In terms of fostering this type of community, a combination of grants, bounties, and salaries has proven to be highly effective. It has attracted individuals who agree on clear objectives, enabling them to collaborate and develop services that others find valuable. This, in turn, contributes to the overall sustainability of the network.

Critical Component

While I’m still in the process of fully understanding the Horizon proposal, my current grasp is that it significantly increases the adaptability of The Graph’s offerings. It does this by positioning GRT and staking as a “business medium” for data, which in turn enables various teams to provide unique and differentiated services.

Building on this idea, and reflecting on @Mr.1776 's remarks about Geo being a data service, it seems that many of the functions we associate with curation could be more effectively realized within the services offered on the network. This approach could keep the required onchain interactions to remain as simple as possible. For instance, as previously suggested, a data service could be established specifically to monitor and categorize other data services on the network. Such a service would not only stand out as a unique offering but would also encourage the development of specialized expertise to align data offerings with user needs.

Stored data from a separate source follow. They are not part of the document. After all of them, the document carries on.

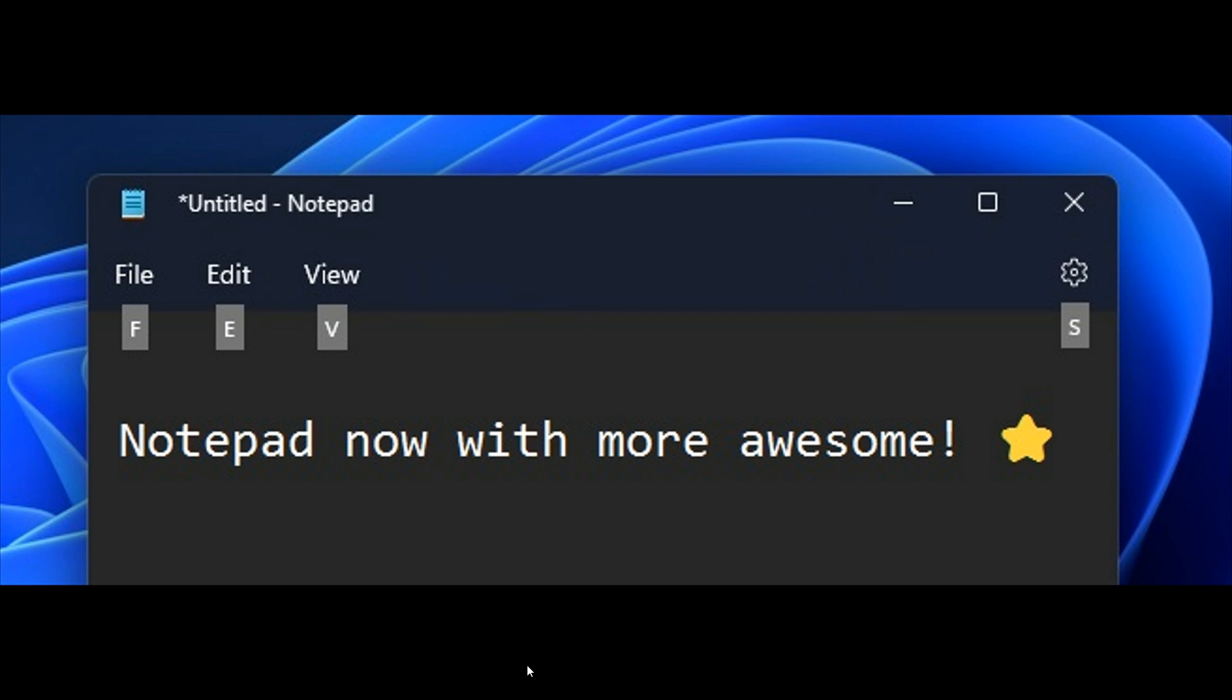It now has native ARM64 support. And that means you will get an improved notepad experience on ARM64 devices on versions 11.2204 and higher available in all channels. And Microsoft mentions you'll see faster and better performance when you use the app.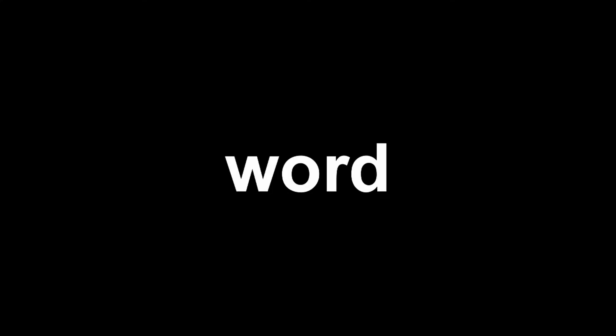See. The word nuggets has 7 letters. 7 letters. 7.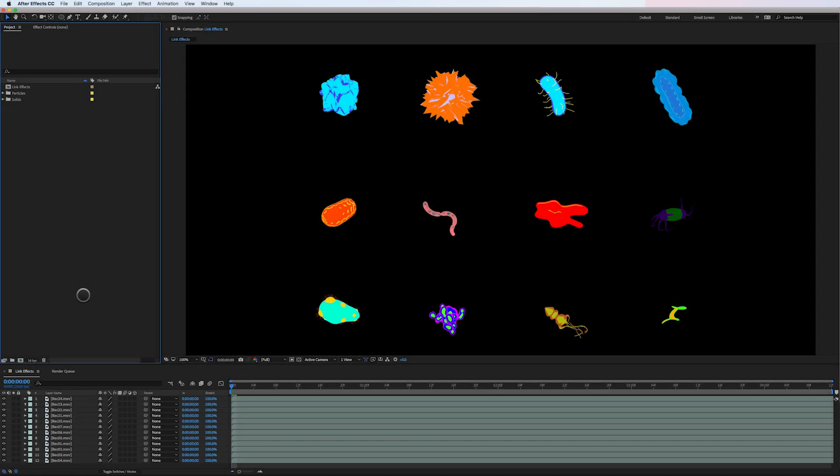Hey guys, this is Cameron with Motion Science, back with another super cool tip for you for After Effects. And this one has to do with effects. So let me show you what I mean here.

This brings me to my concluding thought. I am wholly convinced that we can fulfill Yaniv’s vision of organizing the world’s public knowledge in a decentralized manner, and in doing so, create services that are as indispensable to users as Google or Wikipedia. However, I believe the key to achieving this lies in offering services that are compelling enough to be chosen over other alternatives. This can only be accomplished by focusing on the needs of users exactly where they are. By doing so, we would cater not just to developers, but also to business professionals, researchers, everyday consumers, and potentially even AI agents, by providing them with the data they need in a format that integrates effortlessly into their existing workflows.

I’m eager to hear everyone’s thoughts on the future of curation and please let me know if there’s anything I might have overlooked!